| Items listed in a dataset |
↓↓↓
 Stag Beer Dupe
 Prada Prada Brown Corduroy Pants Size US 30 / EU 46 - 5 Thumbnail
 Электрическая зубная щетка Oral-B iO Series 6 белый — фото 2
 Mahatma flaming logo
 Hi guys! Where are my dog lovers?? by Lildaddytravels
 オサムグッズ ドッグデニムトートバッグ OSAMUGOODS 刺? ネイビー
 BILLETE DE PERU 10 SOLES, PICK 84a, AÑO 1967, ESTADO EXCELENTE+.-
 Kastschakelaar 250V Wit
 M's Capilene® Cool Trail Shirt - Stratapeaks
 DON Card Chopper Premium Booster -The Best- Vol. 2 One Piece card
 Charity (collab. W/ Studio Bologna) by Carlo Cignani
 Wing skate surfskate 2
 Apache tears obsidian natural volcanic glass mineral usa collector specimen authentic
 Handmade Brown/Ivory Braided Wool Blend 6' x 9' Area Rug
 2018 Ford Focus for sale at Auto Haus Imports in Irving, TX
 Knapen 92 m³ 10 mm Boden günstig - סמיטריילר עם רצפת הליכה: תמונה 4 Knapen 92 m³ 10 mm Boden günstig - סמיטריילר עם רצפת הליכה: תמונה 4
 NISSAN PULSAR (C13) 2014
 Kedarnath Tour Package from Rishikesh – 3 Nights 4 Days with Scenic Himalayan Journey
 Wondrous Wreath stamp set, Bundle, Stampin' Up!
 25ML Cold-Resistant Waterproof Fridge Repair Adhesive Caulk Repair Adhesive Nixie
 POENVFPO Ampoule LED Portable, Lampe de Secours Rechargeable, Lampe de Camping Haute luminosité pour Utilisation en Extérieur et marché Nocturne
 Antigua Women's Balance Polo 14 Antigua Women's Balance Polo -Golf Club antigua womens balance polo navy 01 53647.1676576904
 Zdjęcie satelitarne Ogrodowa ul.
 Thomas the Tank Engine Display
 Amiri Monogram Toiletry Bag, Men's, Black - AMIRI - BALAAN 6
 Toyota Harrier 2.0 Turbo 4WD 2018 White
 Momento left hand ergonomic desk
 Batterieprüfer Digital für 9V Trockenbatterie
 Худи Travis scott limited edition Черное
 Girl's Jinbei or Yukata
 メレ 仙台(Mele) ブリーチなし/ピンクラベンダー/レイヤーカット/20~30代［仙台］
↑↑↑
Having read the records above, print them out again exactly.

| SOLUTION FOR THIS EXERCISE |
 Stag Beer Dupe
 Prada Prada Brown Corduroy Pants Size US 30 / EU 46 - 5 Thumbnail
 Электрическая зубная щетка Oral-B iO Series 6 белый — фото 2
 Mahatma flaming logo
 Hi guys! Where are my dog lovers?? by Lildaddytravels
 オサムグッズ ドッグデニムトートバッグ OSAMUGOODS 刺? ネイビー
 BILLETE DE PERU 10 SOLES, PICK 84a, AÑO 1967, ESTADO EXCELENTE+.-
 Kastschakelaar 250V Wit
 M's Capilene® Cool Trail Shirt - Stratapeaks
 DON Card Chopper Premium Booster -The Best- Vol. 2 One Piece card
 Charity (collab. W/ Studio Bologna) by Carlo Cignani
 Wing skate surfskate 2
 Apache tears obsidian natural volcanic glass mineral usa collector specimen authentic
 Handmade Brown/Ivory Braided Wool Blend 6' x 9' Area Rug
 2018 Ford Focus for sale at Auto Haus Imports in Irving, TX
 Knapen 92 m³ 10 mm Boden günstig - סמיטריילר עם רצפת הליכה: תמונה 4 Knapen 92 m³ 10 mm Boden günstig - סמיטריילר עם רצפת הליכה: תמונה 4
 NISSAN PULSAR (C13) 2014
 Kedarnath Tour Package from Rishikesh – 3 Nights 4 Days with Scenic Himalayan Journey
 Wondrous Wreath stamp set, Bundle, Stampin' Up!
 25ML Cold-Resistant Waterproof Fridge Repair Adhesive Caulk Repair Adhesive Nixie
 POENVFPO Ampoule LED Portable, Lampe de Secours Rechargeable, Lampe de Camping Haute luminosité pour Utilisation en Extérieur et marché Nocturne
 Antigua Women's Balance Polo 14 Antigua Women's Balance Polo -Golf Club antigua womens balance polo navy 01 53647.1676576904
 Zdjęcie satelitarne Ogrodowa ul.
 Thomas the Tank Engine Display
 Amiri Monogram Toiletry Bag, Men's, Black - AMIRI - BALAAN 6
 Toyota Harrier 2.0 Turbo 4WD 2018 White
 Momento left hand ergonomic desk
 Batterieprüfer Digital für 9V Trockenbatterie
 Худи Travis scott limited edition Черное
 Girl's Jinbei or Yukata
 メレ 仙台(Mele) ブリーチなし/ピンクラベンダー/レイヤーカット/20~30代［仙台］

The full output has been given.